Faith Merino · February 28, 2013 · Short URL: https://vator.tv/n/2dce

The video chat app lets you share content, watch videos together, listen to music, and more

So I guess people really do video chat? Something about the whole video call/chat thing always gives me the heebee-jeebees. Maybe it’s the whole thing about sitting in front of your webcam and staring at someone while they stare back at you. And you have to make conversation to keep it from getting weird.

But there’s a new video chat app in town. Rabbit, created by gaming pioneers, lets users multitask while chatting and sharing content, and the company announced Thursday that it has raised $3.3 million in a seed round from Google Ventures, CrunchFund, and Bebo founder Michael Birch, in addition to existing angel investors.

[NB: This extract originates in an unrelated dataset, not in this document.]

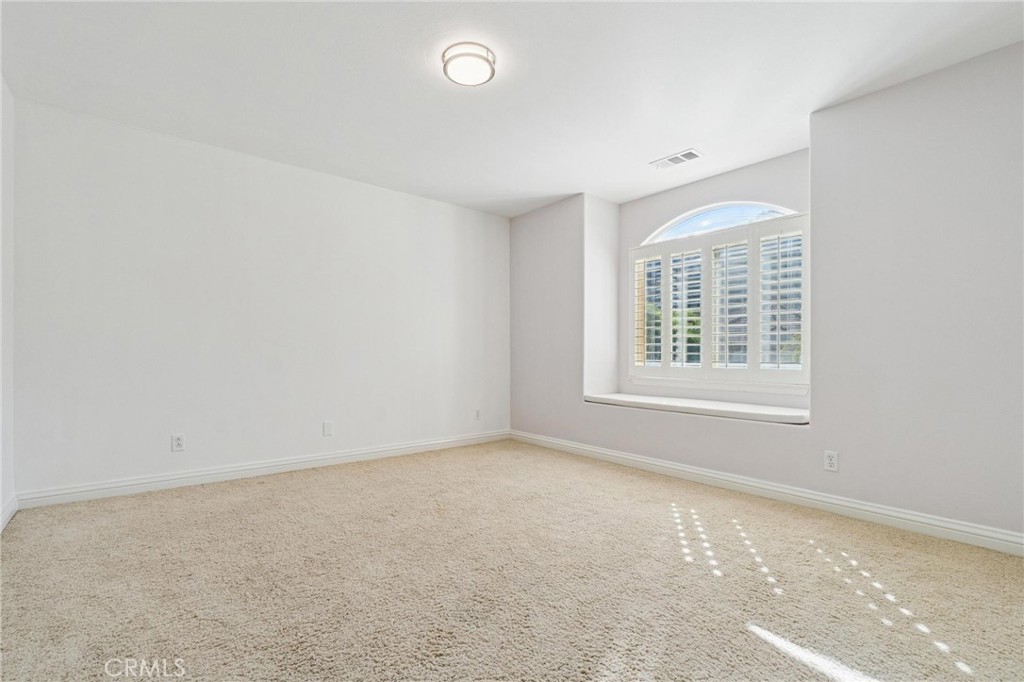 26511 Brooks Circle Stevenson Ranch, CA 91381 - Photo 36 of 65 an empty room with a window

Launched in private beta earlier this month, Rabbit allows users to go beyond the basic face-to-face video chat to make the chat a more organic, hangout-like experience. To that end, users can chat while watching and sharing videos, listening to music, and more. Users can customize their own rooms, join existing rooms, meet up with offline friends, and make new online friends.

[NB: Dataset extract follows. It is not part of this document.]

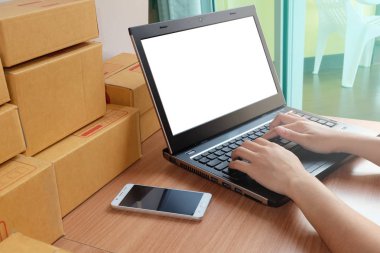 Kadın yazarak dizüstü bilgisayar, cep telefonu ve ürün Online alışveriş, kutusu, ahşap zemin üzerinde iş evde, e ticaret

And unlike other video chat platforms, you can chat with an unlimited number of people.

The biggest things we see right now are people  using it to connect with friends and to share videos, watching everything from shortform videos to TV shows together,” said co-founder Stephanie Morgan.

Morgan says that Rabbit just released an update to the app that makes it even easier to connect with friends by focusing the experience more tightly around private rooms.

“We know from research that the most avid users of video chat are typically in their late teens to early twenties. And, like everyone these days, they’re juggling a million different things all at once at any given time,” said Morgan. “Being able to instantly share anything they want (be  it a video, photo, syllabus, etc) while simultaneously being able to use other apps, browse the web, and all the while continue their current video chat conversation is not just cool… It’s mission-critical. And, it’s something   that no                app other than Rabbit fully supports right now.”

Rabbit is currently available in private beta for Mac OS X, but it will be rolling out to more platforms in the coming months.

“Rabbit’s design and user experience is unlike anything I’ve seen,” said Kevin Rose, General Partner  Google Ventures, in a statement. “Video chatting is always designed for utility, but Rabbit has created an online social experience that is closer to hanging out with your friends in real life. I can’t wait for the world to see it.”

The company says it plans to use the funds from this round to invest in Rabbit’s technology and launch it out of private beta.